A tout le peuple italien ! Aux ouvriers et aux paysans ! Aux soldats, aux marins, aux aviateurs, aux miliciens ! Aux anciens combattants at aux volontaires de la guerre d’Abyssinie ! Aux artisans, aux petits industriels, aux petits commerçants ! Aux employés et aux techniciens ! Aux intellectuels ! Aux jeunes ! Aux femmes ! […]
Italiens !
La richesse de l’Italie n’est pas la richesse de ceux qui l’ont créée. Elle est aux mains de quelques centaines de familles, gros financiers, capitalistes et grands propriétaires fonciers qui sont les maîtres effectifs de toute la richesse du pays et qui en dominent l’économie. Cette poignée de possédants sont les responsables de la misère du peuple, de la crise et du chômage. […] Les requins capitalistes affament le peuple, jettent les ouvriers sur le pavé, aggravent l’exploitation de ceux qui travaillent et abaissent les salaires, poussent à la ruine les paysans, les petits industriels, les petits commerçants et les artisans. […]
Peuple italien !
Unis-toi pour libérer l’Italie de ces canailles […] qui affament notre pays et le mènent à la ruine, à la guerre permanente. […]
Soldats, chemises noires, anciens combattants et volontaires d’Afrique ! […]  A ce jour, la guerre d’Afrique a coûté presque 20 milliards de lires […] Le gouvernement augmentera les impôts directs et indirects, recourra à de nouveaux emprunts obligatoires, ratissera tout ce qu’il pourra de l’épargne interne, fera appel au capital étranger, auquel il faudra payer des intérêts élevés.
Le pain et le travail que nous voulons, nous ne l’obtiendrons que si nous nous unissons tous contre les gros capitalistes, qui ont gagné énormément dans cette guerre et qui se préparent à tirer profit de la conquête en en faisant supporter les dépenses aux masses.

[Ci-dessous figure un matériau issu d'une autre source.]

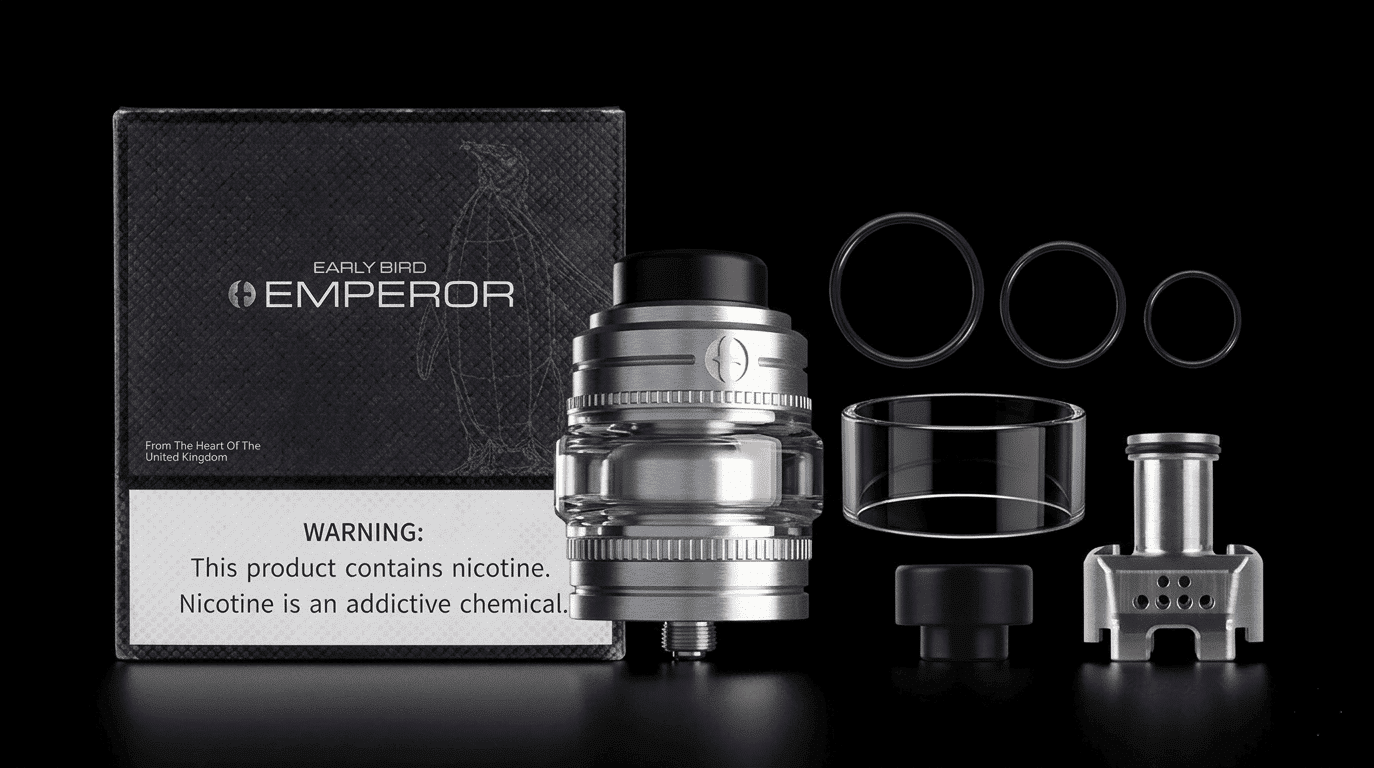 Early Bird Emperor RTA 6.5ml 30mm Banner3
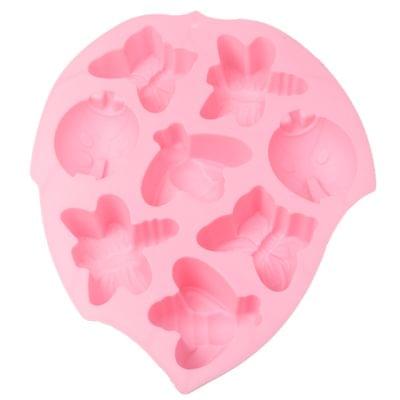 8-in-1 Insect Butterfly Dragonfly Beetle Shaped Silica Cake Mold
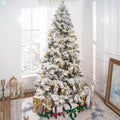 Skylar 6.5ft Snow Flocked Christmas Tree Prelit - Realistic Alaskan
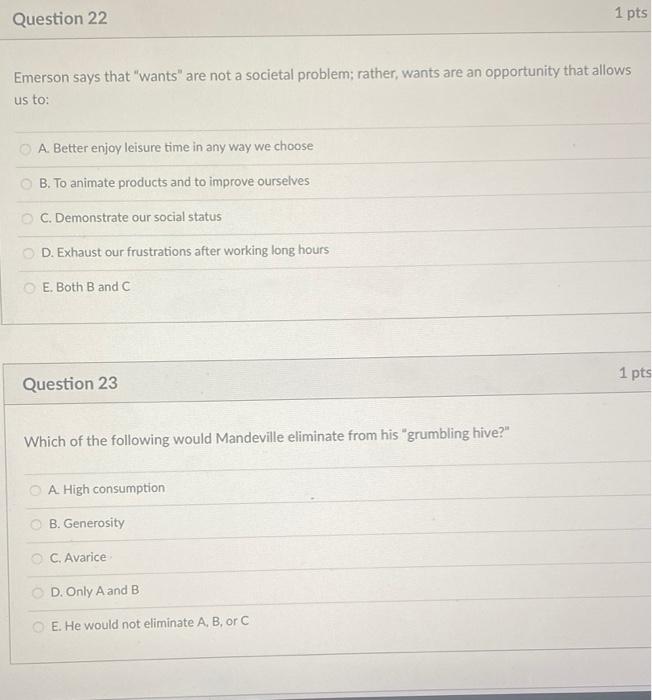 Solved Question 22 1 Pts Emerson Says That 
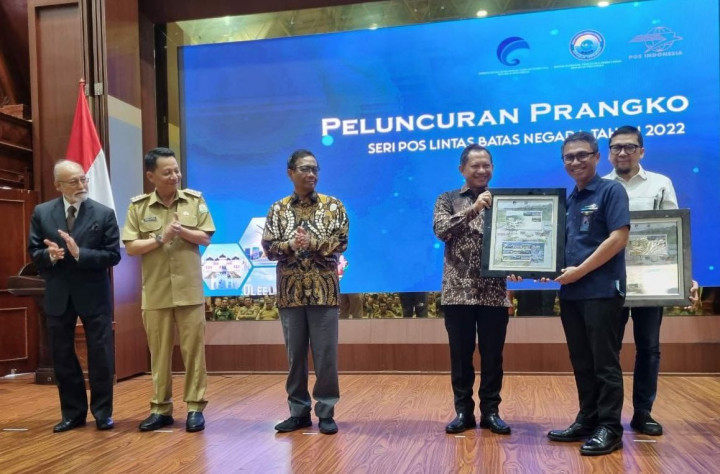 Pos Indonesia Dukung BNPP Jaga Kedaulatan Perbatasan NKRI melalui Prangko dan Kodepos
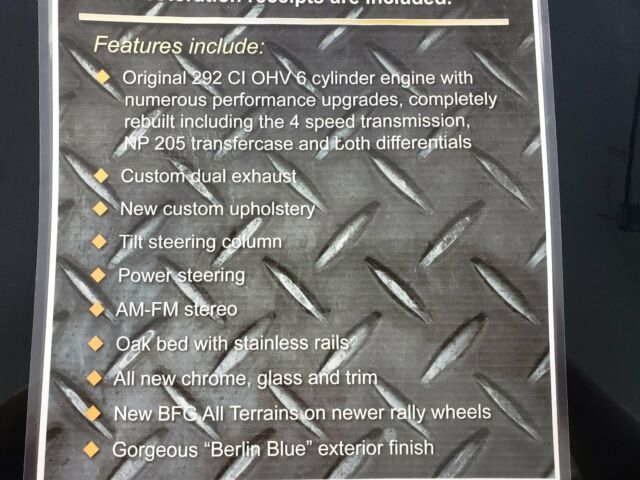 1968 Blue Chevrolet C-10 Standard Cab Pickup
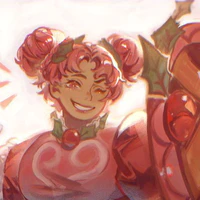 Hollyberry cookie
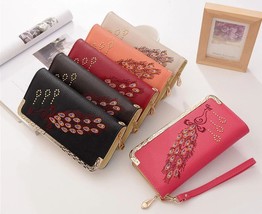 [Bag] Fabulous Peacock PU Leather Long Purse/Wallet/Clutch for Woman Gift - £13.42 GBP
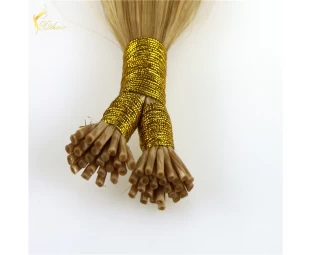 Best selling brazilian virgin I/U/V/Flat tip hair extension high quality wholesale i tip human hair extension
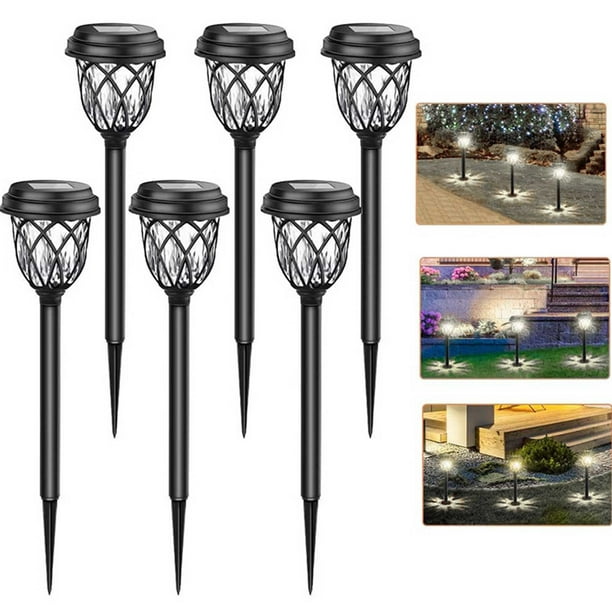 Lsljs Outdoor Solar Lights, Waterproof Land-scape Spotlights, Garden Lights, Wireless Solar Powered Outdoor Lights/lighting For Yard, Walkway（6pcs）, Summer Savings Clearance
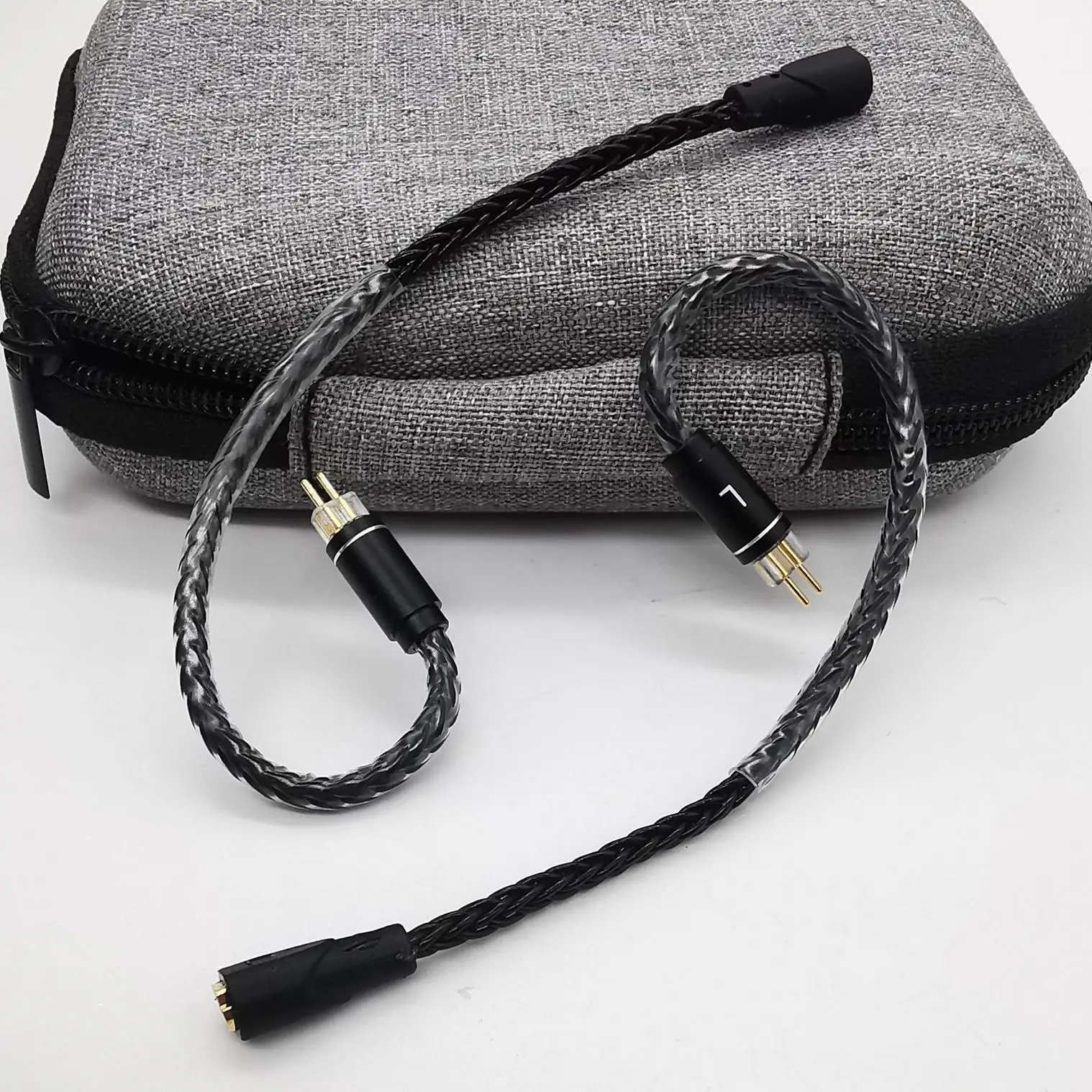 Custom Earphone Pin Converter Cable, MMCX Female to 0.78Pin, QDC, HD650 Adapter, Coaxial Silver Plated Wire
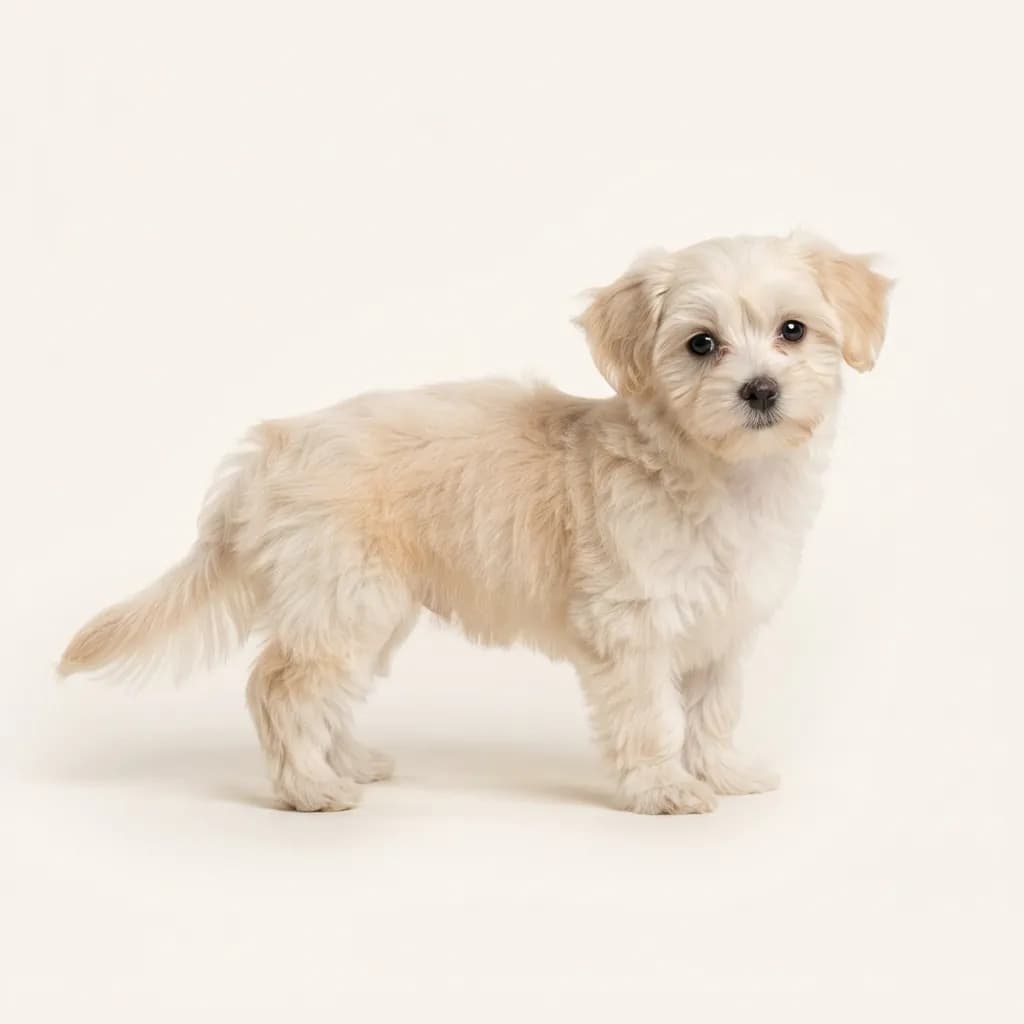 Morkie in Creme — Fellfarbe und Aussehen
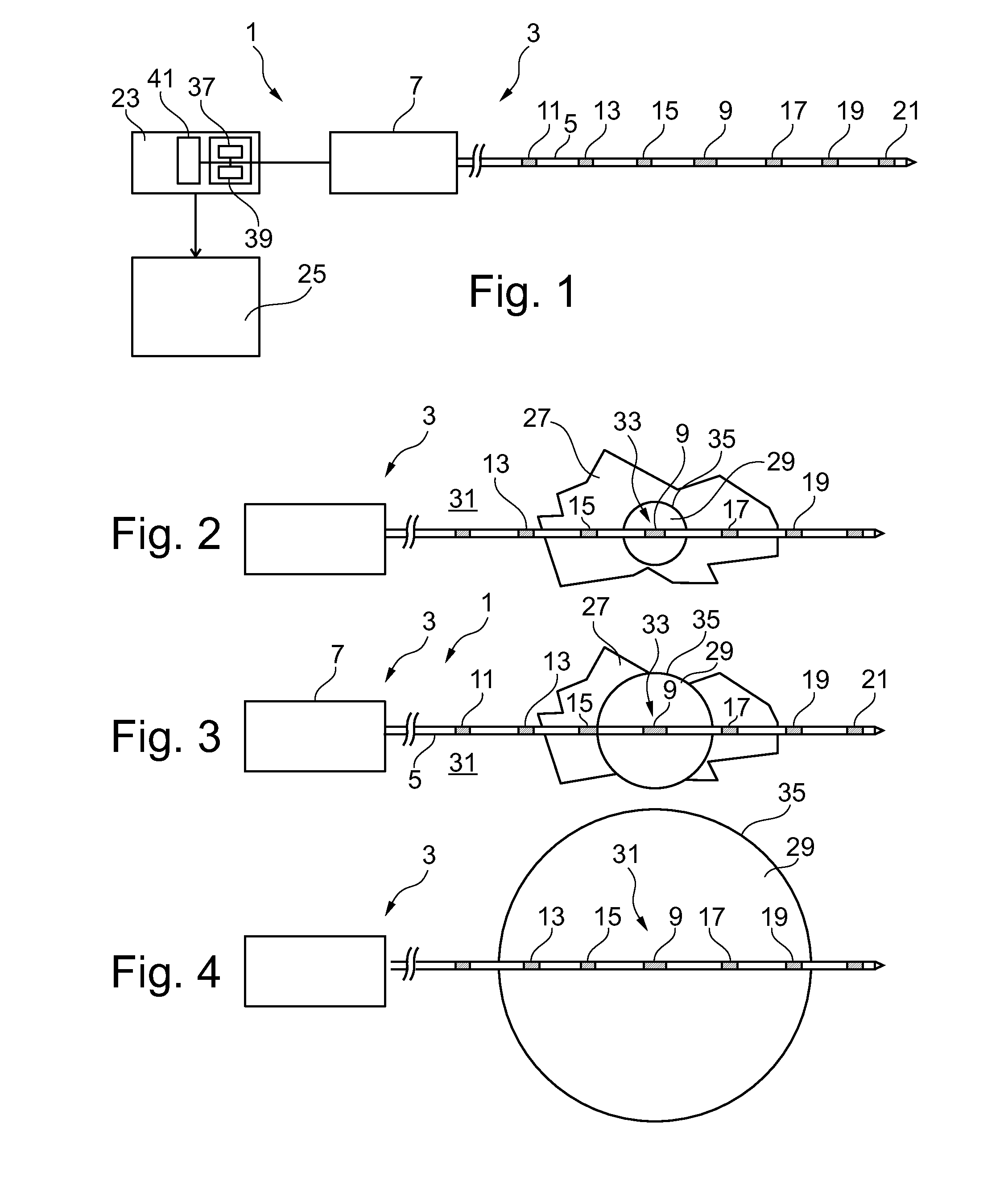 Interventional ablation device with tissue discriminating capability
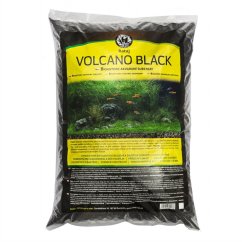 Akvarijný substrát Volcano Black Rataj, čierny, 8l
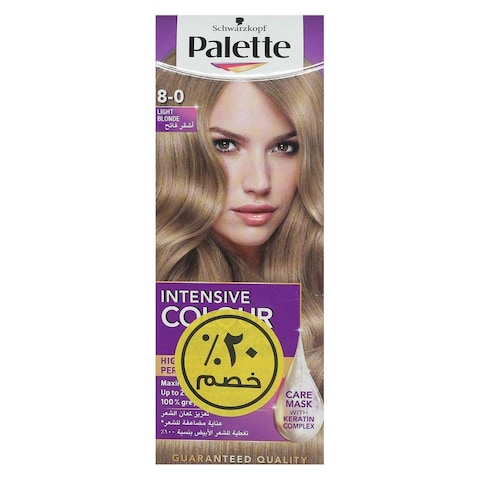 Schwarzkopf Palette Intensive Color Creme - 8-0 Light Blonde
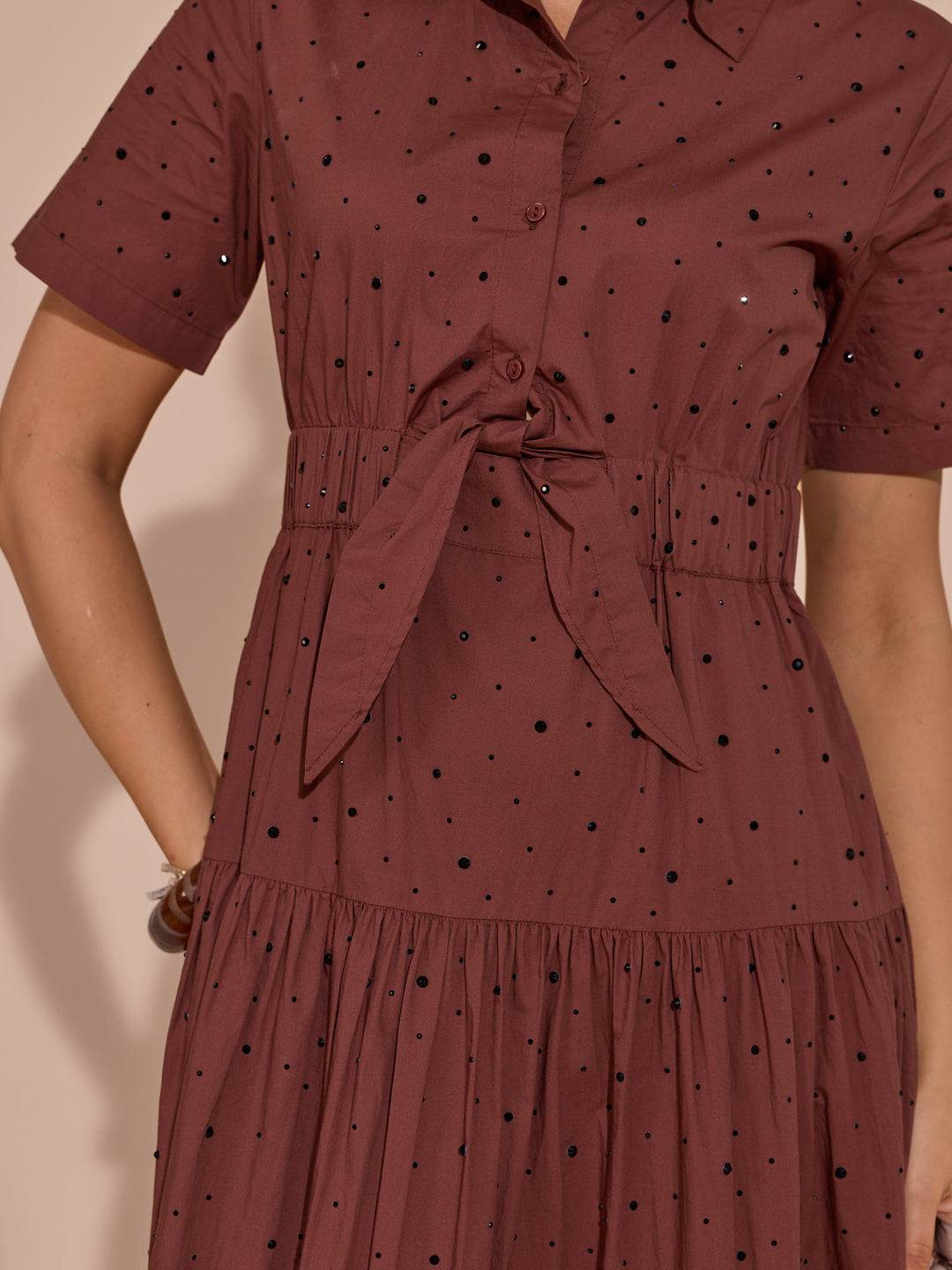 Elena Embellished Dress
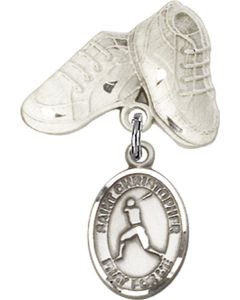 St Christopher Baseball Baby Badge - 9150/5923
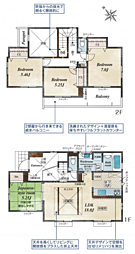 町田市木曽西3丁目3期　新築戸建て 3号棟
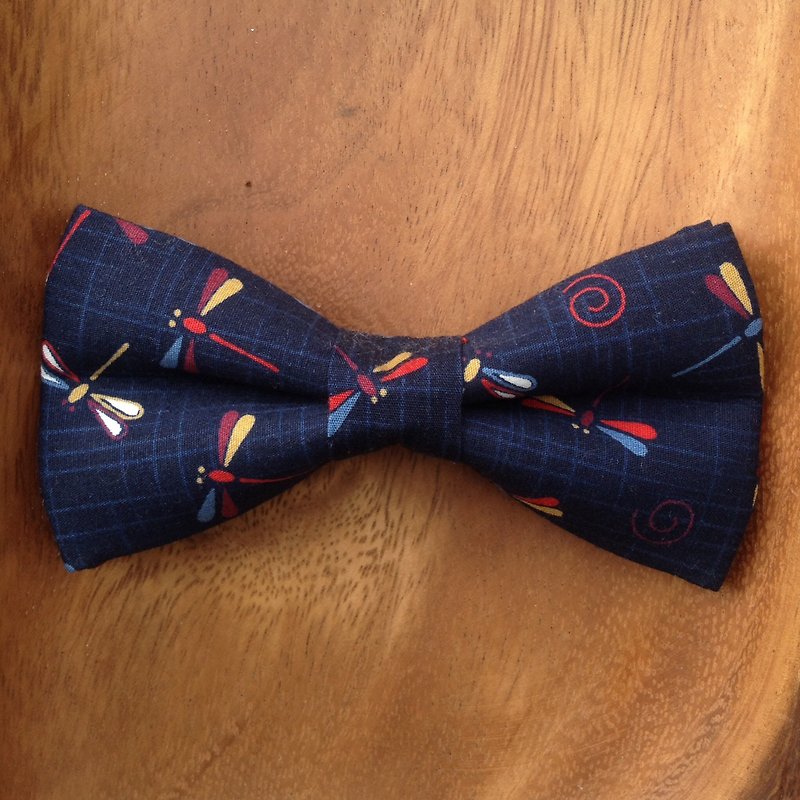 獨立設計 印花 系列 領結 Bow Tie 編號027 - 領帶/領帶夾 - 其他材質 黑色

Paysans ! La terre que vous voulez, c’est la terre italienne. […] Cette terre vous ne l’obtiendrez que si vous vous unissez et si vous luttez unis avec les ouvriers contre le petit groupe qui domine la nation. […]
Chômeurs ! Exigez du travail, ou exigez au moins un subside […] qui vous permette de vivre.
Ouvriers ! Exigez que l’augmentation de salaire que l’on vous promet soit telle qu’elle vous permette de vivre dignement.
Ouvriers ! Paysans ! Employés ! Petits industriels, petits commerçants, artisans ! Exigez la réduction des impôts qui vous accablent !
Anciens combattants d’Afrique, exigez le doublement des indemnités de démobilisation et un emploi garanti […]
Donnons-nous la main, fils de la nation italienne ! Donnons-nous la main, fascistes et communistes, catholiques et socialistes, hommes de toutes opinions ! Donnons-nous la main et marchons côte à côte pour arracher le droit d’être les citoyens d’un pays civilisé comme le nôtre. […]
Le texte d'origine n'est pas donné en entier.